▸ Information given:
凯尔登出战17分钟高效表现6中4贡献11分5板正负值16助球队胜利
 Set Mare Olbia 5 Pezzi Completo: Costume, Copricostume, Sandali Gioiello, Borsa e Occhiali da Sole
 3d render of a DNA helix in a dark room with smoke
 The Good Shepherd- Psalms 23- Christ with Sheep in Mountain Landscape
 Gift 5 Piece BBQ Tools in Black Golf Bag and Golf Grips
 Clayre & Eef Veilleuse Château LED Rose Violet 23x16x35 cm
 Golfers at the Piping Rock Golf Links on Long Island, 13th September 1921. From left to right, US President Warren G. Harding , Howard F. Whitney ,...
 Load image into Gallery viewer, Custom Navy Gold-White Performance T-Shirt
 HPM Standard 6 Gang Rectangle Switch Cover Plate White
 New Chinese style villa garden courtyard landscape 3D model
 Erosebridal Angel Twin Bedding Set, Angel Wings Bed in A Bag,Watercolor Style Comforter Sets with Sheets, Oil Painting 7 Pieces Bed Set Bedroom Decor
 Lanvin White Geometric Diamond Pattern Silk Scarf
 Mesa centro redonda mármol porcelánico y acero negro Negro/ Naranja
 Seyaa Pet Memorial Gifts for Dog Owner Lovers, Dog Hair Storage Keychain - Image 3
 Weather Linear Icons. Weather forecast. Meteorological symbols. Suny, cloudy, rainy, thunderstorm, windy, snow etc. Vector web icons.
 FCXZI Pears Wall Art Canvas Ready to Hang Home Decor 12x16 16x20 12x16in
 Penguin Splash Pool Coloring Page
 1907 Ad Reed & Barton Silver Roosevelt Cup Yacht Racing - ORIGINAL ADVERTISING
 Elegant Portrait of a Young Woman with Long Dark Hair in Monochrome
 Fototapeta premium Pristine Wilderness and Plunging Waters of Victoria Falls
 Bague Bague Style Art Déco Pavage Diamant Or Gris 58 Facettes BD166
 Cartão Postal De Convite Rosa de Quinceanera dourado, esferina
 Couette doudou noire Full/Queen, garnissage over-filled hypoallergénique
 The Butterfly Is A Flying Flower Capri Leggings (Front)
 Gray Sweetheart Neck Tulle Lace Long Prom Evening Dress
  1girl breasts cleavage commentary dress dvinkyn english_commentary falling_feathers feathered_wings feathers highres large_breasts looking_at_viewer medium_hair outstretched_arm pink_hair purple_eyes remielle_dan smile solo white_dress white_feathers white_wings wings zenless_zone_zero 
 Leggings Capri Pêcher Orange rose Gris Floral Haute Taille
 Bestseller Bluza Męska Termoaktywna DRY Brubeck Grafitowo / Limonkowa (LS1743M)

▸ What you have to do:
The data should be copied out in full, exactly as it reads.

▸ Output below:
凯尔登出战17分钟高效表现6中4贡献11分5板正负值16助球队胜利
 Set Mare Olbia 5 Pezzi Completo: Costume, Copricostume, Sandali Gioiello, Borsa e Occhiali da Sole
 3d render of a DNA helix in a dark room with smoke
 The Good Shepherd- Psalms 23- Christ with Sheep in Mountain Landscape
 Gift 5 Piece BBQ Tools in Black Golf Bag and Golf Grips
 Clayre & Eef Veilleuse Château LED Rose Violet 23x16x35 cm
 Golfers at the Piping Rock Golf Links on Long Island, 13th September 1921. From left to right, US President Warren G. Harding , Howard F. Whitney ,...
 Load image into Gallery viewer, Custom Navy Gold-White Performance T-Shirt
 HPM Standard 6 Gang Rectangle Switch Cover Plate White
 New Chinese style villa garden courtyard landscape 3D model
 Erosebridal Angel Twin Bedding Set, Angel Wings Bed in A Bag,Watercolor Style Comforter Sets with Sheets, Oil Painting 7 Pieces Bed Set Bedroom Decor
 Lanvin White Geometric Diamond Pattern Silk Scarf
 Mesa centro redonda mármol porcelánico y acero negro Negro/ Naranja
 Seyaa Pet Memorial Gifts for Dog Owner Lovers, Dog Hair Storage Keychain - Image 3
 Weather Linear Icons. Weather forecast. Meteorological symbols. Suny, cloudy, rainy, thunderstorm, windy, snow etc. Vector web icons.
 FCXZI Pears Wall Art Canvas Ready to Hang Home Decor 12x16 16x20 12x16in
 Penguin Splash Pool Coloring Page
 1907 Ad Reed & Barton Silver Roosevelt Cup Yacht Racing - ORIGINAL ADVERTISING
 Elegant Portrait of a Young Woman with Long Dark Hair in Monochrome
 Fototapeta premium Pristine Wilderness and Plunging Waters of Victoria Falls
 Bague Bague Style Art Déco Pavage Diamant Or Gris 58 Facettes BD166
 Cartão Postal De Convite Rosa de Quinceanera dourado, esferina
 Couette doudou noire Full/Queen, garnissage over-filled hypoallergénique
 The Butterfly Is A Flying Flower Capri Leggings (Front)
 Gray Sweetheart Neck Tulle Lace Long Prom Evening Dress
  1girl breasts cleavage commentary dress dvinkyn english_commentary falling_feathers feathered_wings feathers highres large_breasts looking_at_viewer medium_hair outstretched_arm pink_hair purple_eyes remielle_dan smile solo white_dress white_feathers white_wings wings zenless_zone_zero 
 Leggings Capri Pêcher Orange rose Gris Floral Haute Taille
 Bestseller Bluza Męska Termoaktywna DRY Brubeck Grafitowo / Limonkowa (LS1743M)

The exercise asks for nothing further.